I met the trombone player when I was 8 and he about 13. His mother had troubles with drugs and alcohol, and his father was violent and cruel. His dad would play catch with him and throw the ball too high or too hard and then beat him when he couldn’t catch it. He would set his son up to fail and then berate and punish him for it. The neglect from one parent compounded by the emotional and physical abuse from the other were horrendous. I can’t recall if their parental rights were terminated or if they surrendered their child to the state, but I met him when he first went into foster care. This was also when he started to play the trombone.

His trombone-playing was significant because my mom played the instrument in high school. She always told me that I, too, would play it someday. It wasn’t so much a choice as it was a mandate, and I was underwhelmed at the prospect until I met the trombone player. He was kind and always smiled at me. When he was in high school and got a job at a local pizza parlor, Mom would take me there on Friday nights, so she could check in with him.
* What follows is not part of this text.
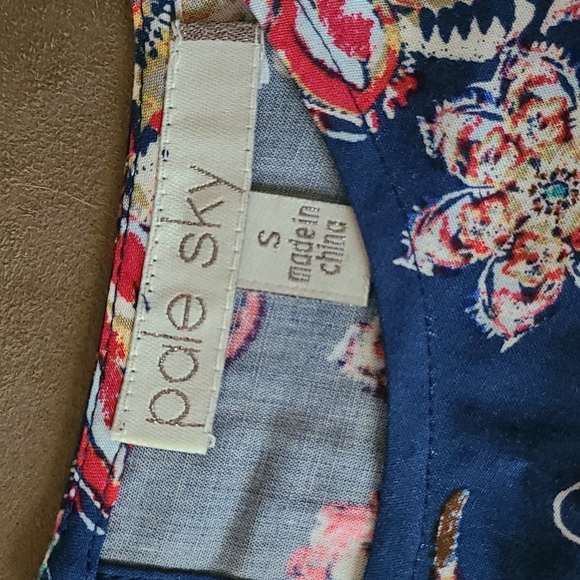 Pale Sky Crew Neck Top - Picture 3 of 3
He’d sneak me ice cream and quarters to play video games. I couldn’t wait to play the trombone like he did.

He was eventually adopted and moved out of state. He wrote letters to Mom and called her once in a while, but that trickled to an end in his late teens.  Years later, out of the blue, he called Mom at home one night. I could hear only parts of their conversation where she laughed and cried and kept spilling the kind of encouragement I was accustomed to. When they hung up, Mom sobbed.  

The trombone player, who had gone on to earn a music scholarship in college, had called because he was now a young father. He was worried he was going to be like his dad because he felt his temper with his toddler and he didn’t want to be that man. He needed help.

Mom offered tips about not reacting in the moment and counting through breaths, but what he really needed was professional counseling. She committed to tracking down agencies in the city where he was living and got back to him.

Although he was miles away and years had passed, the trombone player had a personal connection which made that phone call easier than reaching out to a stranger. But my mom had been a stranger to him at the beginning.  Just like then, there are strangers in our midst today who want to help.  In the Pocatello/Chubbuck area, I’m familiar with the Family Services Alliance and the Bannock Youth Foundation’s Family Resource Center as having free counseling available. Health West offers counseling services on a sliding scale, and the Family and Children’s Services division of the Department of Health and Welfare can also be a starting point to connect to counseling resources. 

Breaking the cycles of child abuse is the cornerstone of prevention.   I grew up understanding that “hurt people hurt people.” When we as adults find ourselves in situations where our own hurt is leading us to hurt others, it’s on us to examine our behaviors and work to change. It’s monumentally difficult to hold ourselves accountable as adults for the behaviors we learned as children, but it’s not impossible. The trombone player did it. Child abuse prevention can start with questions, recognition and a phone call – not just during this Child Abuse Prevention Month, but any time at all.